Another approach is to use Jas4pp or DataMelt. Such programs give more flexibility and more libraries for analysis. In this example, we will run a Python script that downloads data from URL into the computer memory and runs it in a batch mode. First, you will need an analysis code from HepSim. Look at ttbar sample from Madgraph: ttbar_mg5. Find the URL location of the analysis script (“ttbar_mg5.py”) located at the bottom of this page. Then copy the URL link of the file *.py using the right mouse button (“Copy URL Location”). Let us make a calculation of differential ttbar cross section.

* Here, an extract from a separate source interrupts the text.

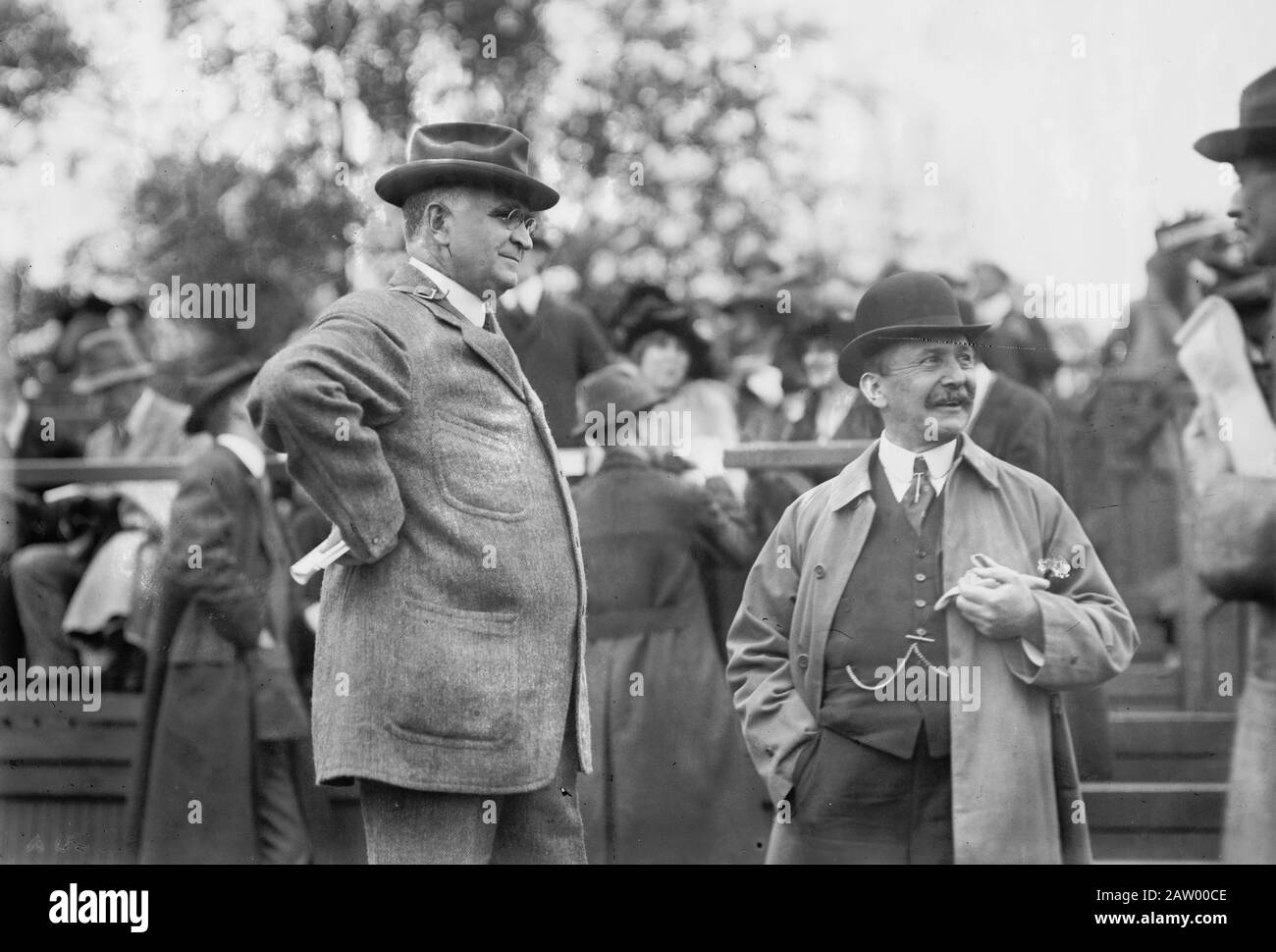 New York avocat Paul Drennan Cravath (1861-1940) (à gauche) avec financière August Belmont, Jr. (1853-1924) probablement à un spectacle de chevaux CA. 1912 Banque D'Images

Here is how to process the analysis using Jas4pp:

wget http://atlaswww.hep.anl.gov/asc/jas4pp/download/current.php -O jas4pp.tgz
tar -zvxf jas4pp.tgz
cd jas4pp
source ./setup.sh # takes 5 sec for first-time optimization
wget http://mc.hep.anl.gov/asc/hepsim/events/pp/100tev/ttbar_mg5/macros/ttbar_mg5.py # get the HepSim script
fpad ttbar_mg5.py # process it in a batch mode.

Look at the “example” directory of the Jas4pp installation. It has a several examples of how to process the ProMC files.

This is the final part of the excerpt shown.